Re: [patch 0/6] 3.14-rt1 fixes

Nicholas Mc Guire <der.herr@xxxxxxx> · Sat, 3 May 2014 14:31:46 +0200

On Sat, 03 May 2014, Mike Galbraith wrote:

> On Sat, 2014-05-03 at 10:32 +0200, Nicholas Mc Guire wrote: 
> > On Fri, 02 May 2014, Mike Galbraith wrote:
> > 
> > > On Fri, 2014-05-02 at 15:39 +0400, Pavel Vasilyev wrote: 
> > > > 02.05.2014 15:12, Mike Galbraith ??????????:
> > > > > The following patches are fixes that fell out of testing rt1.  Patches
> > > > > 1-4 are intended to be folded into existing patches, 5-6 are
> > > > > replacements.
> > > > >
> > > > > fold:
> > > > > 1/6 - preempt-lazy-support.patch
> > > > > 2/6 - x86-preempt-lazy.patch
> > > > > 3/6 - hotplug-light-get-online-cpus.patch
> > > > > 4/6 - stomp-machine-raw-lock.patch
> > > > >
> > > > > replace:
> > > > > 5/6 - (prep)
> > > > > 6/6 - stomp-machine-deal-clever-with-stopper-lock.patch
> > > > >
> > > > > drop: (buggy - calls migrate_disable() _after_ maybe blocking)
> > > > > migrate_disable-pushd-down-in-atomic_dec_and_spin_lo.patch
> > > > 
> > > > 
> > Why would calling migrate_disable be buggy after blocking ?
> > at that point any per cpu data is not yet being accessed so its perfectly fine
> > to
> > 
> >   lock->block
> >    -> migrate 
> >     -> unblock->lock 
> >      -> migrate_disable on a new CPU
> >       -> access per_cpu object
> >      -> migrate_enable
> >   -> unlock
> > 
> > what problems would there be ?
> 
> You tell me.   Why do we bother at all if it's ok to migrate with a lock
> in your pocket, or the CPU can go away on you while you're acquiring?

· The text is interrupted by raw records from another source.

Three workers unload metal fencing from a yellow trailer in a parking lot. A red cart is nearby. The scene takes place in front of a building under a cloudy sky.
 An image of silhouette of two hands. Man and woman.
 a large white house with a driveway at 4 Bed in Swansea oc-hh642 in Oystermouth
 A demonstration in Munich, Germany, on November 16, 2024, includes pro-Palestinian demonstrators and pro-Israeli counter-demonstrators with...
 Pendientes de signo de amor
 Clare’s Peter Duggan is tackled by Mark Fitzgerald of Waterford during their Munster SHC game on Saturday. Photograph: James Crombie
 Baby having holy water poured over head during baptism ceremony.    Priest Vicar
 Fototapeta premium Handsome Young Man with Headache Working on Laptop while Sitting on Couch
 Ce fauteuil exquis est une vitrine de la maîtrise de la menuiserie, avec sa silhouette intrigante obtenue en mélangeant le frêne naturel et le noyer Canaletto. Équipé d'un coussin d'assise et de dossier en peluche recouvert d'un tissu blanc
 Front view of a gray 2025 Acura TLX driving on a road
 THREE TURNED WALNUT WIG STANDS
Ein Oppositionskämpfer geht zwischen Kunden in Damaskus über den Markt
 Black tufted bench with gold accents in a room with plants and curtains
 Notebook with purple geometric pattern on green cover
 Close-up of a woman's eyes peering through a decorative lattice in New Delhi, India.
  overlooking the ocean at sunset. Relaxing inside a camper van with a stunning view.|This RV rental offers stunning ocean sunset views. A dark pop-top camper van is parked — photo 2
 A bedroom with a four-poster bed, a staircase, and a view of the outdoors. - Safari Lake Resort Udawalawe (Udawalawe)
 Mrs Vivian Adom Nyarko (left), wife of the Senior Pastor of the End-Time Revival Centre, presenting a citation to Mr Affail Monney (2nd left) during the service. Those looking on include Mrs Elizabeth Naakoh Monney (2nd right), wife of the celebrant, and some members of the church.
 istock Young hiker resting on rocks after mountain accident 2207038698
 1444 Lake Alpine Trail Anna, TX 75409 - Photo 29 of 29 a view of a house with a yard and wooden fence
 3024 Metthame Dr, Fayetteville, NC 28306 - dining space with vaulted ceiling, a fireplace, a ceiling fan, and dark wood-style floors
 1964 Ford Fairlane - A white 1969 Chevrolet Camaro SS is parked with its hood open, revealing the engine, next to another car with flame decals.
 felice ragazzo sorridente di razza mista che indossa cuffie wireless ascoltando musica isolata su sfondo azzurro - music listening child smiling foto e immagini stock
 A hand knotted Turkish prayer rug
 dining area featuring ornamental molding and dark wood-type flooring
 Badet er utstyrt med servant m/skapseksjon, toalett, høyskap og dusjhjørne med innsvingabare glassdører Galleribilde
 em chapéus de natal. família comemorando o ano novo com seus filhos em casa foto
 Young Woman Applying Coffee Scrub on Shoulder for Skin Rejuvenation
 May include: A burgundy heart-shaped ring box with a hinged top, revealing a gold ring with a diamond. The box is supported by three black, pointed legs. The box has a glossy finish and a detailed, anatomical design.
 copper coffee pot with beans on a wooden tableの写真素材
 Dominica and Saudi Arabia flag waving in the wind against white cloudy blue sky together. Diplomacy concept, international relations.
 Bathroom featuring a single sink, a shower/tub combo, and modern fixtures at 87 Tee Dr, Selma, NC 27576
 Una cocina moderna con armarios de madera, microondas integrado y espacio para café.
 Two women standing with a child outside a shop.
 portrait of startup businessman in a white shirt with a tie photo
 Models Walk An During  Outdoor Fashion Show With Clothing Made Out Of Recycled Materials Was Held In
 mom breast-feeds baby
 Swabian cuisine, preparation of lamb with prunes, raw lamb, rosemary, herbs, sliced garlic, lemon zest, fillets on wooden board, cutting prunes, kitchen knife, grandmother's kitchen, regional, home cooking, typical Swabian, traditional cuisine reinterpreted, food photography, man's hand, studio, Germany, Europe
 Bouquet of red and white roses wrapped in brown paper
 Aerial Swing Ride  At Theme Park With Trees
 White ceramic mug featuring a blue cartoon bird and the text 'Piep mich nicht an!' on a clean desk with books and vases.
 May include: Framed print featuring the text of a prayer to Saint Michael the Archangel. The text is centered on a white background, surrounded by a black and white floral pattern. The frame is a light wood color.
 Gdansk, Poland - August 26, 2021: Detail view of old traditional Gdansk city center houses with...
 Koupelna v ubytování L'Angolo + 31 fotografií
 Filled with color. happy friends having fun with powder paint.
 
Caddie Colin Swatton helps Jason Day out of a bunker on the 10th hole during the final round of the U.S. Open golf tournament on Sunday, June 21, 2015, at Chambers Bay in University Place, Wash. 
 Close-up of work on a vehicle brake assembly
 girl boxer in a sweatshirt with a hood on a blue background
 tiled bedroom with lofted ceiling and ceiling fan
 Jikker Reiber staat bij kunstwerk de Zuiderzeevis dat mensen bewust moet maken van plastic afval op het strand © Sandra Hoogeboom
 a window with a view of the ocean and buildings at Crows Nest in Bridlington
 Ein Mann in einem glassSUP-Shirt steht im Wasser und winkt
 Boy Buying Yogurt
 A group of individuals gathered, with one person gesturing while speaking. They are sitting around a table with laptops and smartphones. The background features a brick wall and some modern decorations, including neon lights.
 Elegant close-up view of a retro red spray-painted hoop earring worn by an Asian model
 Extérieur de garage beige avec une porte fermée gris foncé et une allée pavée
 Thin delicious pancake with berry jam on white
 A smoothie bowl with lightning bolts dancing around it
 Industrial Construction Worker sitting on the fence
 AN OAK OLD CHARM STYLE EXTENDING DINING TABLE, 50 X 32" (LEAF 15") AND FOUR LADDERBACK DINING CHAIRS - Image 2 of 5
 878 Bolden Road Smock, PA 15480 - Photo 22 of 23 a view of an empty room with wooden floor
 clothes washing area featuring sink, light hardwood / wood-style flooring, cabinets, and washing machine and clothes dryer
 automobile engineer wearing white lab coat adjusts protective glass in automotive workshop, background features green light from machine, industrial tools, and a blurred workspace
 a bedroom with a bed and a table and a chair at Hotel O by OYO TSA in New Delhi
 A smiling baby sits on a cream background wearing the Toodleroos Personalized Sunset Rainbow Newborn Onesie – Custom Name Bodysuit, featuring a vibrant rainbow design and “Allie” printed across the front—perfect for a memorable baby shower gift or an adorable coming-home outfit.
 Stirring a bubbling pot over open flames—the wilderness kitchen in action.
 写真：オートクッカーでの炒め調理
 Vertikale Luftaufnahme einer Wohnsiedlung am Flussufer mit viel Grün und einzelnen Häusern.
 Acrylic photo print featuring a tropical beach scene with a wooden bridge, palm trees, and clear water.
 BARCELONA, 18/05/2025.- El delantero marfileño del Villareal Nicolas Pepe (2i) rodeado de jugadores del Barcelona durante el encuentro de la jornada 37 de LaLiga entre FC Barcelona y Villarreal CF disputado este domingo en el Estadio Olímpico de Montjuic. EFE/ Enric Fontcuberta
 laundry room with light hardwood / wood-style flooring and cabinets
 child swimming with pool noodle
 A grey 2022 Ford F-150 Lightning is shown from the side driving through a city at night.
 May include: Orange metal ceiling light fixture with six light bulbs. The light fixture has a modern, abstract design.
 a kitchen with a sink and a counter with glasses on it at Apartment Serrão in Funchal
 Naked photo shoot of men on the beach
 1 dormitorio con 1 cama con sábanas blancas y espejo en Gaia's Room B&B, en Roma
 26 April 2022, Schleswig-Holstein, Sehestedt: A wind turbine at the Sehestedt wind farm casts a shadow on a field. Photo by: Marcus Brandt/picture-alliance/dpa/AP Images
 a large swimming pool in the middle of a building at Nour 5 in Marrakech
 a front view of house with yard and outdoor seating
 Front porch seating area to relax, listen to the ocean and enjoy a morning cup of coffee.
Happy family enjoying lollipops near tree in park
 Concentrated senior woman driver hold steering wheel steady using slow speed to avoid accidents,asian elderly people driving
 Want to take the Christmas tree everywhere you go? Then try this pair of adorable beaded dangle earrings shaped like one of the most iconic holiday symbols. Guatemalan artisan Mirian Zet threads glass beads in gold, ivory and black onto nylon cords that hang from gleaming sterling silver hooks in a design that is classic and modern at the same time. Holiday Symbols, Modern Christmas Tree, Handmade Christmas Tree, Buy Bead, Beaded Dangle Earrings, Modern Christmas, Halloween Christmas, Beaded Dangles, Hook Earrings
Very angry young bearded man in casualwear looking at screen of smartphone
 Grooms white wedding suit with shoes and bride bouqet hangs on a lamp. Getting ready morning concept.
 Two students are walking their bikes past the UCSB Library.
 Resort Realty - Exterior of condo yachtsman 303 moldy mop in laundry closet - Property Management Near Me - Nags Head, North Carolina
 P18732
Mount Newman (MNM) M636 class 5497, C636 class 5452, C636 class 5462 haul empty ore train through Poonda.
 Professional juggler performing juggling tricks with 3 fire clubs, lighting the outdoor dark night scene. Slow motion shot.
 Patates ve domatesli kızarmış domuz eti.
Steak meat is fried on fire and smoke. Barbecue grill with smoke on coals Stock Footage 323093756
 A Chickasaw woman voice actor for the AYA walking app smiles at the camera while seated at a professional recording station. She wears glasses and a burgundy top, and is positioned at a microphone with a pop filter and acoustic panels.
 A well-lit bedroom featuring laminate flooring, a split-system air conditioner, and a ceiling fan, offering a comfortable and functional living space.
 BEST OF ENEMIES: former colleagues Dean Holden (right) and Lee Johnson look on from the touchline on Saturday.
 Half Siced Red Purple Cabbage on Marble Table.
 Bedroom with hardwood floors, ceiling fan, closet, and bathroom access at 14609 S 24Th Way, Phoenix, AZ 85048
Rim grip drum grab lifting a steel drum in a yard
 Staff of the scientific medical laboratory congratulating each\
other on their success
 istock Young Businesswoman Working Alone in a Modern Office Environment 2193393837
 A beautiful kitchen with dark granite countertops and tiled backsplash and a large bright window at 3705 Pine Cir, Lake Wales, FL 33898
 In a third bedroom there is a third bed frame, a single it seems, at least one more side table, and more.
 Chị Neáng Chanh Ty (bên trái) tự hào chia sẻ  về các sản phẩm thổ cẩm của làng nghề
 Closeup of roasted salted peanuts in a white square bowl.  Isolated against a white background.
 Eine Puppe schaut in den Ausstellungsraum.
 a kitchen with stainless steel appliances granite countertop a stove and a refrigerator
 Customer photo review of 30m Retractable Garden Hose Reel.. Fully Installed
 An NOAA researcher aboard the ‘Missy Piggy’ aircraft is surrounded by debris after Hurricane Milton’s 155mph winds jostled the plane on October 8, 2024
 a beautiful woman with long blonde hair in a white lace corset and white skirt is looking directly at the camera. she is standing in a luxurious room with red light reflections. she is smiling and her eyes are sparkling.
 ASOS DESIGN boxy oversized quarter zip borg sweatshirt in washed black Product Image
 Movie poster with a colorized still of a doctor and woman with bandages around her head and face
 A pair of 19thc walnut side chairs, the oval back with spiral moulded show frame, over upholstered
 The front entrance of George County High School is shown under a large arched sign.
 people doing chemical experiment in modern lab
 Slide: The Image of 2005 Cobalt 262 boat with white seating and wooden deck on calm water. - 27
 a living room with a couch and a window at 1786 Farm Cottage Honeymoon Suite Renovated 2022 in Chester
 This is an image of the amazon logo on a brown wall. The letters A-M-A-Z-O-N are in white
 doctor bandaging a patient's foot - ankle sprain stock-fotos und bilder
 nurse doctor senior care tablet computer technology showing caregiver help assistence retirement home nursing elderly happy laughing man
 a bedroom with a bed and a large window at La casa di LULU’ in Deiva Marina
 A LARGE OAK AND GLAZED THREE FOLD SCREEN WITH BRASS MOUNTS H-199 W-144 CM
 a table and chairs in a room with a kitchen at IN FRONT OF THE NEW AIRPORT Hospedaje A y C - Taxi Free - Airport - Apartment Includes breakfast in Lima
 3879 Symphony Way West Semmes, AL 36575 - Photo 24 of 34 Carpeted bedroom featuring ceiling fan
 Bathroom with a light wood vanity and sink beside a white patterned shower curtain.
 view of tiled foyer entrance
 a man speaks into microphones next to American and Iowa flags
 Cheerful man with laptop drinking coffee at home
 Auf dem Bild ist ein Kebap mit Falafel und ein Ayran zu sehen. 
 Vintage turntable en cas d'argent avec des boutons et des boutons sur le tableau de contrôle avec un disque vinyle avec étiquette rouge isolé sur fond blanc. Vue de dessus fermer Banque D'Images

The lock in your pocket is not the issue (unless its a per_cpu lock in which
case we are pinned already anyway) and the cpu can go away with a global
lock held in my opinion - why not ? 

> If this is in fact safe, you should be able to move each and every
> migrate_disable() to post acquisition.

yup

> I have a virtual nickle that
> says your box will have a severe allergic reaction to such a patch.
>
Actually that is what the pushdowns in the read_lock/write_lock api did and
I did not notice any of the systems having problems with that.

Not saying that there is no case in the pushdown that is wrongly 
handled but before looking at that lets clarify if the assumptions 
made for the migrate pushdowns was right in the first place.

migrate_disable() provides referencial consistency on per_cpu objects so that
preemption is safe with a per_cpu ref held - nothing else.

So:
 if the lock is global then it is safe to migrate while blocked on a lock as
  the referencial consistency of the lock is not affected the reference to
  a protected per_cpu object not yet set (if it were that is a bug if the
  method used to access the per_cpu objects ref did not migrate_disable 
  already).
 if it is a per-cpu lock then migrate_disable() would need to be called before
  accessing the lock object any way and the problem is not related to
  blocking on a lock - the get_ primitives would have disable migration before
  you got access to the lock object and thus you are safe.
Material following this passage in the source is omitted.